Problem to work on
Please give back word for word the lines of the material below between the line containing "And if you join" and the line containing "Hi, my name", inclusive.

Task data
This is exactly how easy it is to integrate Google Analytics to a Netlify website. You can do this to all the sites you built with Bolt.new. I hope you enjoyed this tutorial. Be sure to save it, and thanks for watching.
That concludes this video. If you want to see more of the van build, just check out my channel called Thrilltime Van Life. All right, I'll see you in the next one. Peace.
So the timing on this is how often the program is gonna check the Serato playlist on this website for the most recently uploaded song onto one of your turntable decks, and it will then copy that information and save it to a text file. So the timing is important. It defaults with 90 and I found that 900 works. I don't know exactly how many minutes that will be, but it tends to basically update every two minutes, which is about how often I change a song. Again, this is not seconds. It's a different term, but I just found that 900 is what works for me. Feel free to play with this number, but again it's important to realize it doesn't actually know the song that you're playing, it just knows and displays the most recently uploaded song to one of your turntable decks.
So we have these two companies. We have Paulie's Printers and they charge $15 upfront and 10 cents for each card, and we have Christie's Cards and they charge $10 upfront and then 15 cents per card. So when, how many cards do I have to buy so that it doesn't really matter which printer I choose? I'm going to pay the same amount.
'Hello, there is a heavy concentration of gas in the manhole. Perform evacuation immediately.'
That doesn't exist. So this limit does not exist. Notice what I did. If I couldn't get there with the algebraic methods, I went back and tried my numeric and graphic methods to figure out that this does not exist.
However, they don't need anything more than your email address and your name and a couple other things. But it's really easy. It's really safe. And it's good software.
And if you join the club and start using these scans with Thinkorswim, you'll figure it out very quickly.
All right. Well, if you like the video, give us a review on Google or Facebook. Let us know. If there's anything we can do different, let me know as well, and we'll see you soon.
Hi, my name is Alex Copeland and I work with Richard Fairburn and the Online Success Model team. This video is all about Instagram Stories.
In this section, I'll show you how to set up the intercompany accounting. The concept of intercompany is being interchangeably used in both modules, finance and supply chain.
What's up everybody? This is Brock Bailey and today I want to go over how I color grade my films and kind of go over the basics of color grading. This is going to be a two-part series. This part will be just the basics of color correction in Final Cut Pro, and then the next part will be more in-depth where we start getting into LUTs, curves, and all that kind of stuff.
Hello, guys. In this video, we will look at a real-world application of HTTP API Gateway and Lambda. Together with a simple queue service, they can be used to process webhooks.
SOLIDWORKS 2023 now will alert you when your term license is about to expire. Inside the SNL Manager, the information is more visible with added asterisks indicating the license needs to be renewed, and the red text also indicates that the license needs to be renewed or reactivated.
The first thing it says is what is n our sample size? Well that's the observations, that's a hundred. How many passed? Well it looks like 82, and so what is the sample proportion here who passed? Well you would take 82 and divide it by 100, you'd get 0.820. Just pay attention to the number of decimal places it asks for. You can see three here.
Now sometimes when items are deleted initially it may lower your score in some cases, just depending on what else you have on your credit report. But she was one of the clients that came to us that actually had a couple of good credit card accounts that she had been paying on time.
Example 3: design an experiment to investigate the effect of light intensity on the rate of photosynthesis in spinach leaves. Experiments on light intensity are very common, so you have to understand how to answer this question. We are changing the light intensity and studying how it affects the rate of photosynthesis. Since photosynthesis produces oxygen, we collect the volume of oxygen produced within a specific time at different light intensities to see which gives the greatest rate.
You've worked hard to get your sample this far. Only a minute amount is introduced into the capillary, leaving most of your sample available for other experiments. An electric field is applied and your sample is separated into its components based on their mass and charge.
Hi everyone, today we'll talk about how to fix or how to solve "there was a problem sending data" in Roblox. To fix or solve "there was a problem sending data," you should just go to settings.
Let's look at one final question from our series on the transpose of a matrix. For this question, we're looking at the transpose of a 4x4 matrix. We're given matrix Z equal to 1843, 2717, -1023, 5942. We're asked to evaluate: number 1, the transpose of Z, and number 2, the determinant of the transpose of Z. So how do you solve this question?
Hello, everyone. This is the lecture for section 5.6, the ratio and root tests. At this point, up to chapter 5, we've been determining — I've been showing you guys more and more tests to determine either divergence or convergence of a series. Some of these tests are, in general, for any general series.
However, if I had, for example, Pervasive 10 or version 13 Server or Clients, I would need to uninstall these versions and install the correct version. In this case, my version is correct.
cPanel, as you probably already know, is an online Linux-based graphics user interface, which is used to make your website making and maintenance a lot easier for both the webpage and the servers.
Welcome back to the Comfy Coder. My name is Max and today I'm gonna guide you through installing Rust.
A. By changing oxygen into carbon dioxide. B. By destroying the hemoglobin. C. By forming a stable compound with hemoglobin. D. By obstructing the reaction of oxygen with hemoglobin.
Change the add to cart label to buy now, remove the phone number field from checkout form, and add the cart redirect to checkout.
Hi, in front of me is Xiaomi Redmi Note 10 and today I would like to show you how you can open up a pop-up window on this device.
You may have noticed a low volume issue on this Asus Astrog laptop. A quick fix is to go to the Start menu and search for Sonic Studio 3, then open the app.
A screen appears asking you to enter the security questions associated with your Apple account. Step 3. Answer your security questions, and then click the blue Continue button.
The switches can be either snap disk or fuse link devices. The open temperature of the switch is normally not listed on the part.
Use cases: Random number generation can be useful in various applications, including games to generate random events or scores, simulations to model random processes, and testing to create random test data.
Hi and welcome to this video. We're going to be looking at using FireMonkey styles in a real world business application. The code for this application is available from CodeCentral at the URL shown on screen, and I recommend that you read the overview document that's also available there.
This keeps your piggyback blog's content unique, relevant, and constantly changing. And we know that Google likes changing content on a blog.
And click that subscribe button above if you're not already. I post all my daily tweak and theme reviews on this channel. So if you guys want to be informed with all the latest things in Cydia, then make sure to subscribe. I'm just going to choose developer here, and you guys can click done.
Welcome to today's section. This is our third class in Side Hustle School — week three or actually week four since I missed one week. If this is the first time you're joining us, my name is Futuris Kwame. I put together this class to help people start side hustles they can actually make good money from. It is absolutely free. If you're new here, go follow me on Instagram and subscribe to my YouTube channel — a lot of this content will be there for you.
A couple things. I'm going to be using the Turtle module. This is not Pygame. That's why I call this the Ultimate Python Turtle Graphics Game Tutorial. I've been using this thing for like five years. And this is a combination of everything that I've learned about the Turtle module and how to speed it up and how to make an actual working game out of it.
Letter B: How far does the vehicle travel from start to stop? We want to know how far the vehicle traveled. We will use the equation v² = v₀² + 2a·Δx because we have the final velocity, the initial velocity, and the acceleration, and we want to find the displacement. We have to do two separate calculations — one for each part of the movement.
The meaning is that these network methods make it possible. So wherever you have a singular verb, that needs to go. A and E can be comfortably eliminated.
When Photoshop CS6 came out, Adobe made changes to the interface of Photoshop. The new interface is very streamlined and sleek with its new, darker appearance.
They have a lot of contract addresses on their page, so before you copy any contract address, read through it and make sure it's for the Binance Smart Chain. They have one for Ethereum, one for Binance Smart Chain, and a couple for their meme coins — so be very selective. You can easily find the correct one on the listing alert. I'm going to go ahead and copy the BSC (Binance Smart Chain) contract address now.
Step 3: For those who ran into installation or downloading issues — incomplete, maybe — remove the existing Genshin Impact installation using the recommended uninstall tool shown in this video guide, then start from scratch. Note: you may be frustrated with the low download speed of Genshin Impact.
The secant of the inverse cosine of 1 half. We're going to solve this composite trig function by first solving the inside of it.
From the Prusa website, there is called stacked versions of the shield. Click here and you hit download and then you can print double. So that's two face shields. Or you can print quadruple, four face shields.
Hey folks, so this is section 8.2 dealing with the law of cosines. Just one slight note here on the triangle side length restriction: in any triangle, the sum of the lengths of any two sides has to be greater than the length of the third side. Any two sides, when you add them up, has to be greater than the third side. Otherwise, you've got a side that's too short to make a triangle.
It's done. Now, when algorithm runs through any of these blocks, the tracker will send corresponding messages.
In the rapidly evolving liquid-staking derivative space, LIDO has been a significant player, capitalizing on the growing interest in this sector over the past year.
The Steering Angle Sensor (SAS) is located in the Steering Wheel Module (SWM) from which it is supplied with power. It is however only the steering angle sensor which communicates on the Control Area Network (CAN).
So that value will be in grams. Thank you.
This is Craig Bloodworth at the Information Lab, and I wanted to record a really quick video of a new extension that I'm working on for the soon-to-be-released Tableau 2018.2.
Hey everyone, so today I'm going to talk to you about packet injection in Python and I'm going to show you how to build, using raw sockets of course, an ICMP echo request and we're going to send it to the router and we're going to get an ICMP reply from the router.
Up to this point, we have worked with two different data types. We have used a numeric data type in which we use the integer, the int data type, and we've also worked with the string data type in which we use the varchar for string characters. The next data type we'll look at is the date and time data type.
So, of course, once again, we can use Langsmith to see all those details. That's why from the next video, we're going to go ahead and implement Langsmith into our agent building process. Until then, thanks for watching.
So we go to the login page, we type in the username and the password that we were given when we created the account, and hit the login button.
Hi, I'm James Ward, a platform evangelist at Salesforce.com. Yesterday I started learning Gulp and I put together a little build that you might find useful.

Written solution
And if you join the club and start using these scans with Thinkorswim, you'll figure it out very quickly.
All right. Well, if you like the video, give us a review on Google or Facebook. Let us know. If there's anything we can do different, let me know as well, and we'll see you soon.
Hi, my name is Alex Copeland and I work with Richard Fairburn and the Online Success Model team. This video is all about Instagram Stories.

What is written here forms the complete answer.